» Goal of the exercise
From the line holding "세라믹 테이프 보온외장 내열 2mmx25mmx25M 세라믹테이프 고온패킹 세라믹" to the final line below, restate each line word for word and add nothing.

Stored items
========
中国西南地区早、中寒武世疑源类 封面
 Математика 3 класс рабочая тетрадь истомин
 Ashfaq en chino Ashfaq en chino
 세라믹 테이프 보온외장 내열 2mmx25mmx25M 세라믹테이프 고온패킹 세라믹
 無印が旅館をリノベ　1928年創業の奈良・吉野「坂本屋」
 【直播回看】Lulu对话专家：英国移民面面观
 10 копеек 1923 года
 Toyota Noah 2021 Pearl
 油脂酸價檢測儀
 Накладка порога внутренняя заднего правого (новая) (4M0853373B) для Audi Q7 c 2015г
========
» Exercise answer
 세라믹 테이프 보온외장 내열 2mmx25mmx25M 세라믹테이프 고온패킹 세라믹
 無印が旅館をリノベ　1928年創業の奈良・吉野「坂本屋」
 【直播回看】Lulu对话专家：英国移民面面观
 10 копеек 1923 года
 Toyota Noah 2021 Pearl
 油脂酸價檢測儀
 Накладка порога внутренняя заднего правого (новая) (4M0853373B) для Audi Q7 c 2015г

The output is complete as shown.